Saying that, there are more things that deserve recognition. I won't say this should be the next Best Picture winner, because this just isn't the kind of film the academy will ever go for. But the cinematography is beautiful once again, another product of the hard work of Wally Pfister and more than half the film being shot on IMAX cameras. Also, Hans Zimmer's score is dark and brooding, becoming triumphant and uplifiting at just the right moments and is just as great as his Dark Knight score. Back onto the film itself, and considering how many plot points are given away in all the trailers and TV spots and adverts and features, the film was still able to offer a host of surprises and geek-out moment, drawing from the rich history of the Bat franchise to bring in things like the Batwing, the Nolan version of Catwoman, seeing Bane break Batman's back over his knee as he does in Knightfall, the reappearance of Ra's al Ghul and Scarecrow, the shocking arrival of Talia al Ghul, the subtle use of "Robin"... Yet it's all done so nicely that it all fits together and doesn't feel like any of the elements are being forced in.

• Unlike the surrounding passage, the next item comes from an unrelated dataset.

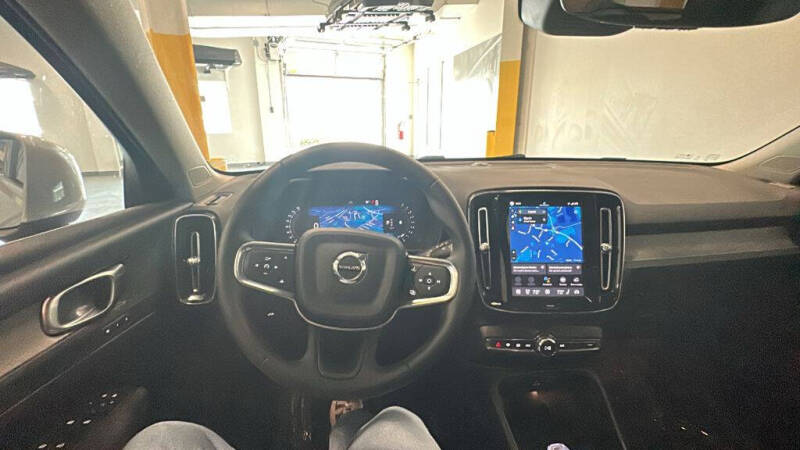 2023 Volvo XC40 B5 Plus Bright Theme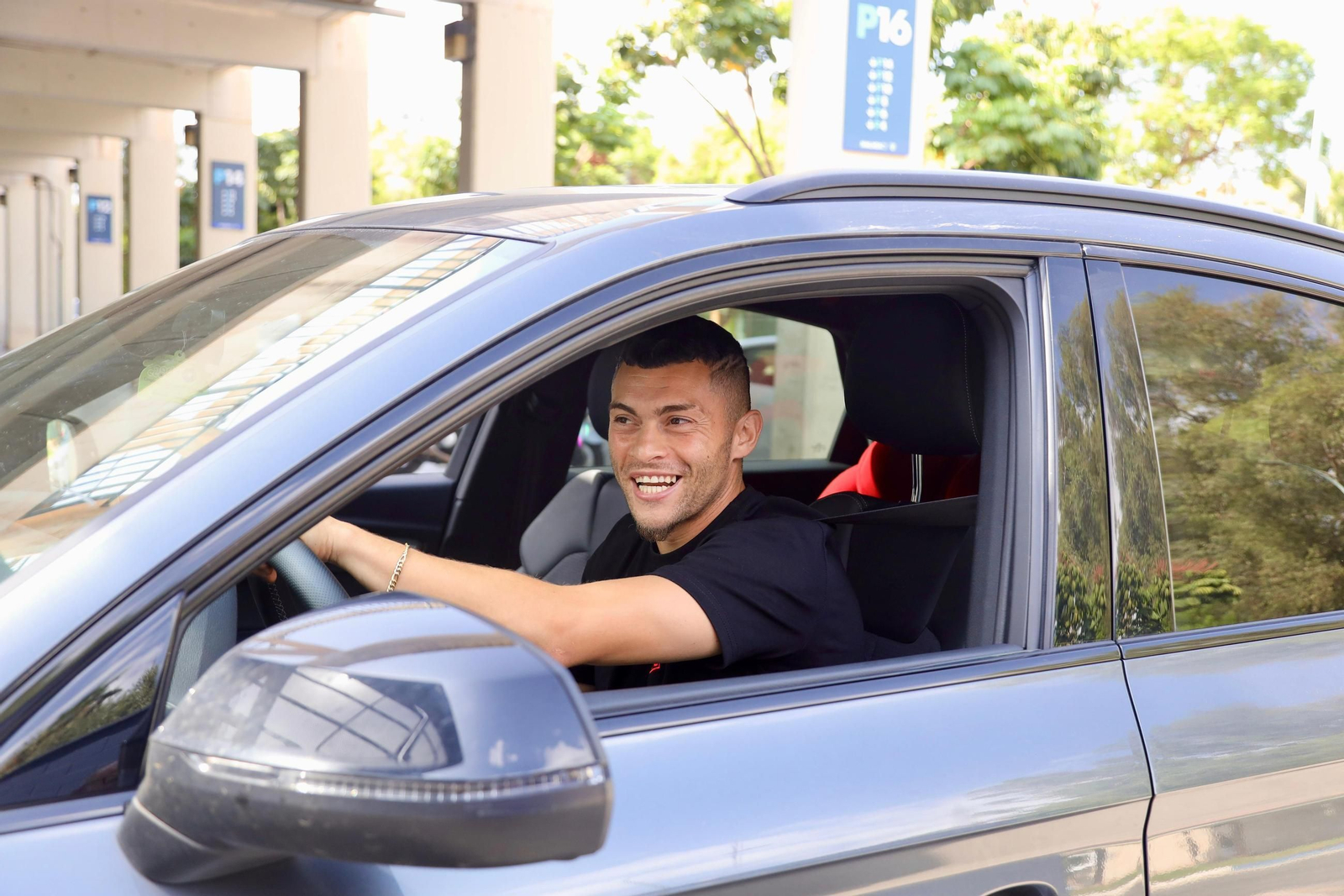 La llegada de Yanis Rahmani a La Rosaleda para fichar por el Málaga CF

Overall, the word epic is thrown around a lot nowadays when describing films but I believe TDKR is as close as you will get to a modern day epic film. It has drama, suspense, action, comedy, twists, turns, surprises, everything you could want not just from a Batman film, but from the concluding chapter of a superb trilogy. Christopher Nolan, Jonathan Nolan and Emma Thomas should stand up and take a bow. The resisted the urge to recycle familiar villains like The Riddler and The Penguin and Poison Ivy, stuck to their vision of this trilogy, and only used the big names like The Joker and Catwoman where they wanted to, not where anyone else said they should. They've created a phenomenal trilogy with an epic final chapter, and after this it's hard to see where they'll go with the inevitable reboot in 20 years time without making it look like another Batman and Robin.